■ **Data provided**:
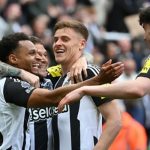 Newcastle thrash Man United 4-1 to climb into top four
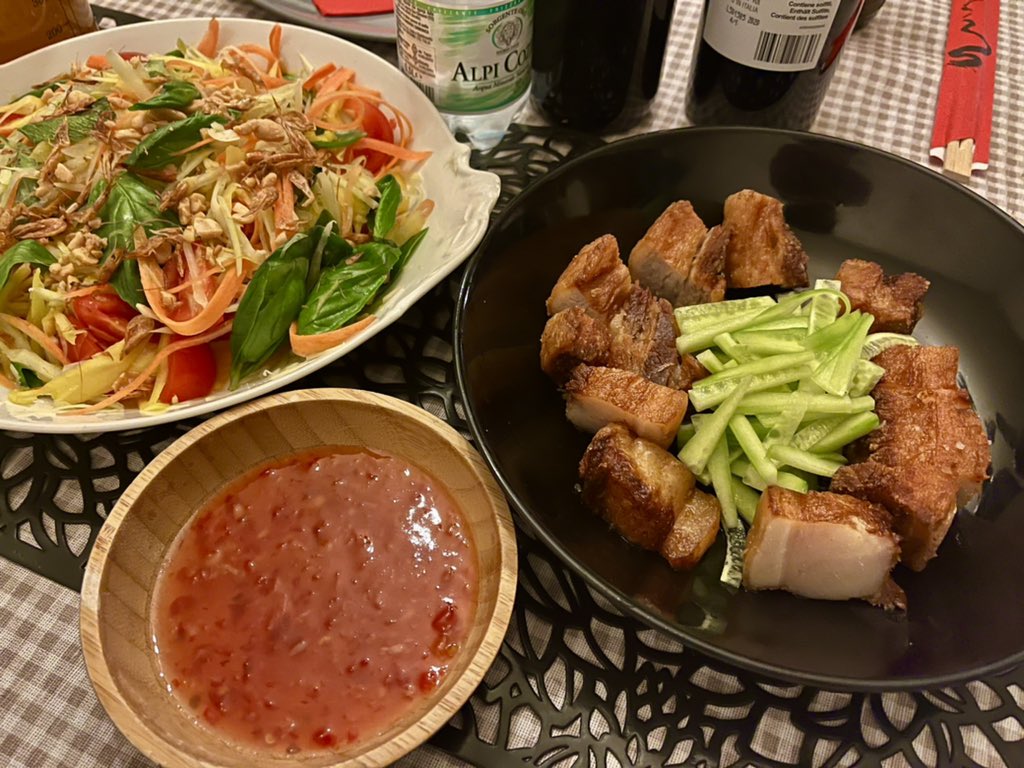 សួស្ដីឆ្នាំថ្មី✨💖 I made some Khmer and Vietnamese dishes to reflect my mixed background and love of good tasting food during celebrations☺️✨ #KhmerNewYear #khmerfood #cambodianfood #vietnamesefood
---
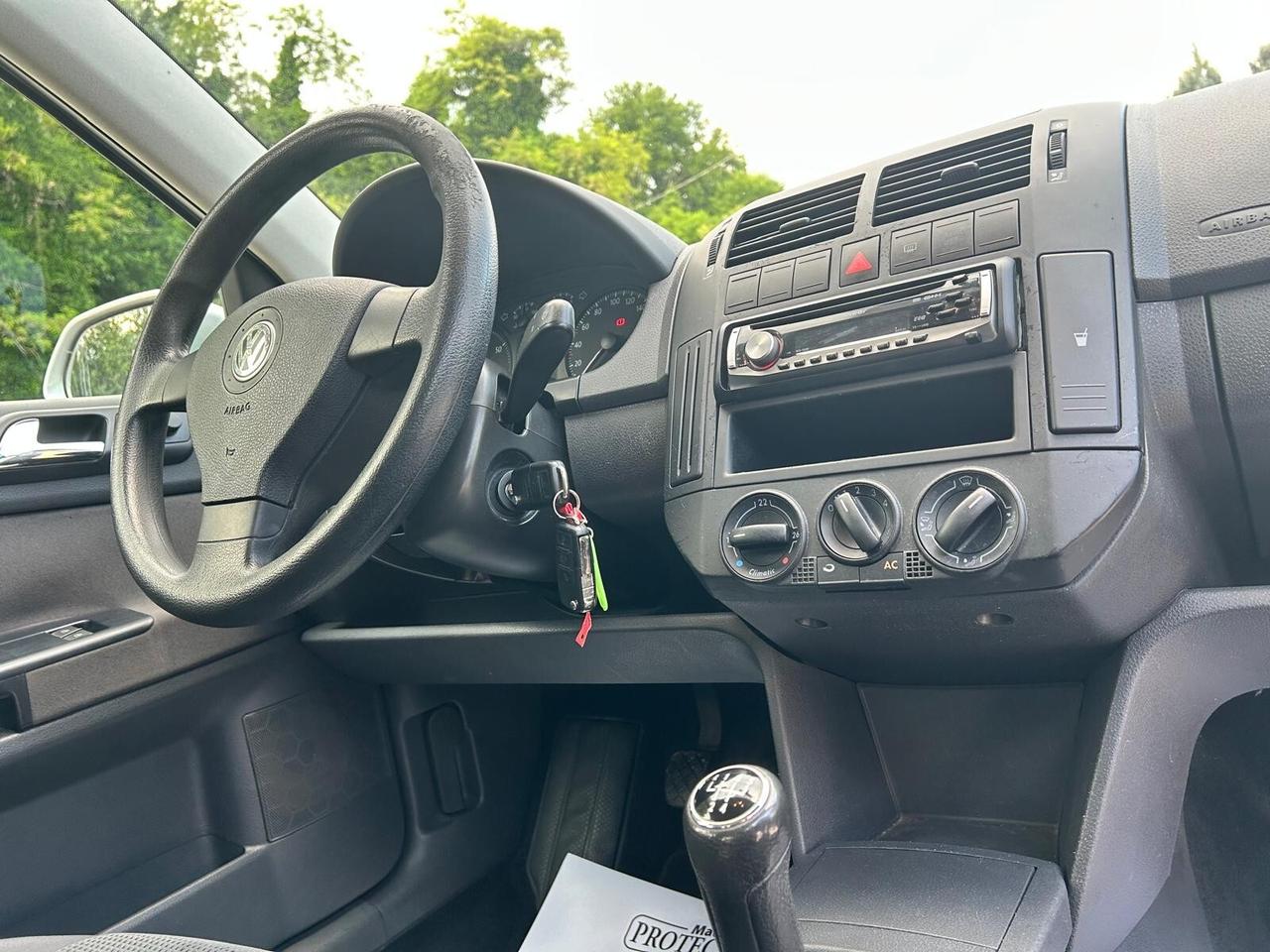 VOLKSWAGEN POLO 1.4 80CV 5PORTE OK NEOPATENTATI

■ **What the exercise asks**: Reproduce the listing above exactly from the line containing "Newcastle thrash Man" up to and including the line containing "សួស្ដីឆ្នាំថ្មី✨💖 I made", omitting any images and everything outside those lines.

■ **Solution to this task**:
 Newcastle thrash Man United 4-1 to climb into top four
 សួស្ដីឆ្នាំថ្មី✨💖 I made some Khmer and Vietnamese dishes to reflect my mixed background and love of good tasting food during celebrations☺️✨ #KhmerNewYear #khmerfood #cambodianfood #vietnamesefood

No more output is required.